VMK, a new technology company based in Brazzaville, Congo, is set to introduce Africa’s first tablet computer. Way C is the first tablet entirely designed in Africa. The tablet uses Android 2.3, promises 512 MB RAM, 1.2 Ghz processor, 4GB internal memory, and supports wi-fi. The tablet will cost less than £200 and will be distributed in Congo, Senegal, Kenya, Gabon, Cameroon, Ivory Coast, DR Congo and Belgium. Vérone Mankou, VMK’s CEO, answered our questions.
Why did you work on a tablet?
We were looking for solutions to allow many people access the internet. We realized that a tablet was the ideal product. It is easy to carry and it is possible to use it even when power is not readily available. The wireless capability, later on we shall add 3G, allows users to link to a number of providers. These are the reasons that made us choose the tablet.
You speak of an African tablet, yet production is done in China …
All tablets are produced in China. Ipad is produced in China, Blackberry is produced there. Why do they call them American or Canadians? The Way C is an African tablet; those who do not agree are simply Afro-pessimists. Besides, we are planning to bring production is Africa, it is not impossible.
How did you finance development and production?
This was the hardest part. It took us two years to collect enough funds to research and develop the idea. We are now in the production phase, and we still need financing. We are now discussing with the government to see if they could contribute to the running costs. We are also talking to private investors.
When will the tablet hit the market?
The exact date is not yet established. We have some hitches with the logistic to import the tablets from China and distribute them to outlets in time. In any case, the tablet will be available by November 15.
Do you think the Congolese and other people will be able to buy the tablet?
Yes, we already have a few thousands confirmed bookings. Besides, in Congo, the cheapest tablet is the one produced by Samsung, and it costs more than the double of our product. To many users, our tablet is a real bonanza. If there is the desire and the need to have a tablet, then many will buy the Way C, which is cheaper and designed to work in Africa.
Are you afraid of competition from the mobile communication front?
I shall quote a person who left us recently: Steve Jobs. When he introduced the first iPad he underscored that that product was nor a computer nor a telephone. A tablet can substitute neither. We might have some competition with mobile phones, but it will not be much.
What prompted you to invest in this venture?

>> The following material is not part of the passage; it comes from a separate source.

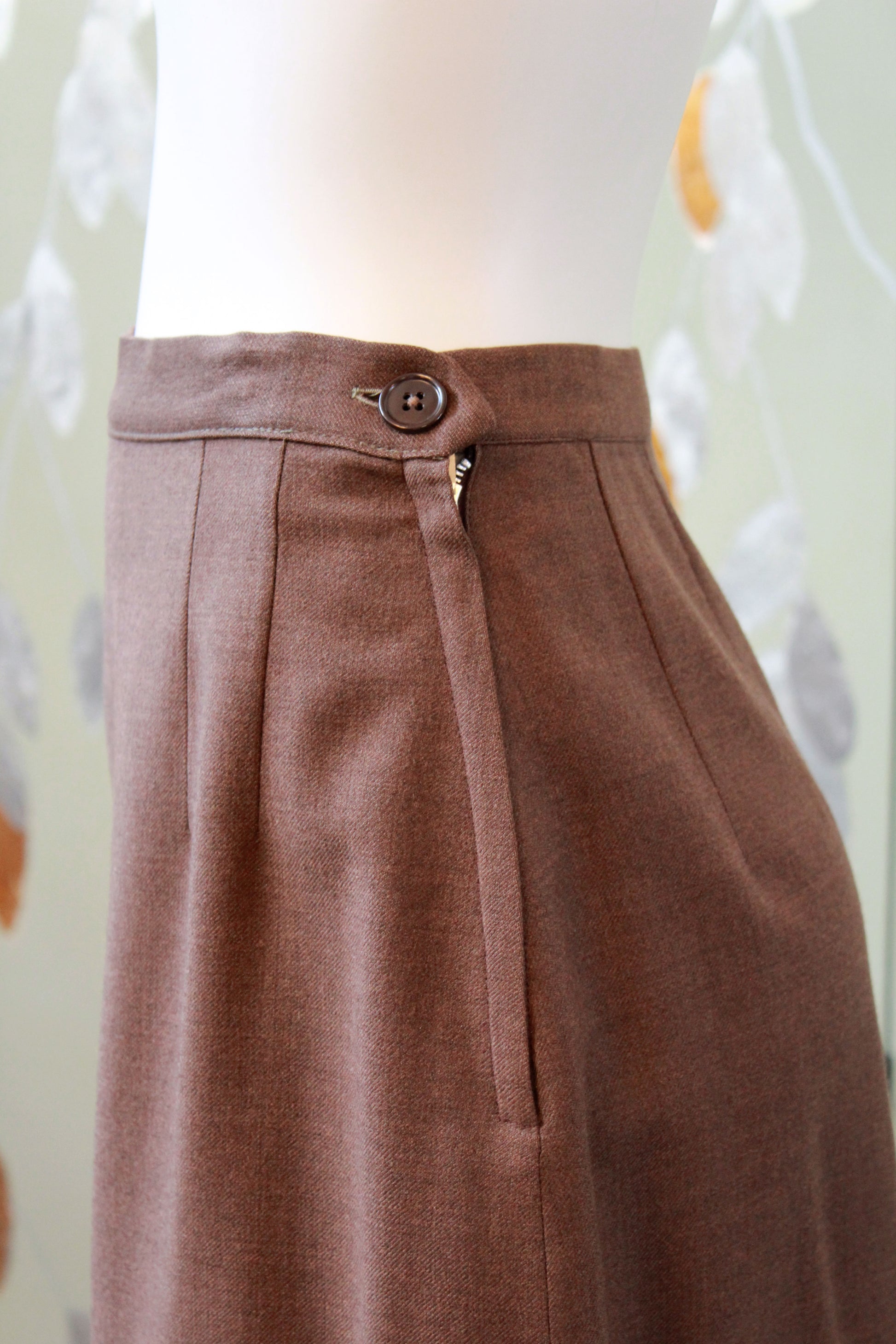 Vintage 1950s Brown Fitted Skirt Suit Set With Beaded Detail, XS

I always believed we African cannot remain consumers for ever. We need to become producers. This is the vision that supported me since the beginning. We African should believe more in our potential. Many Africans have done great things. We must continue in this path. Young people should be aware of the difficulties to work, to finance projects. Yet, the most important thing is to believe in your ideas and make a first step towards their realization.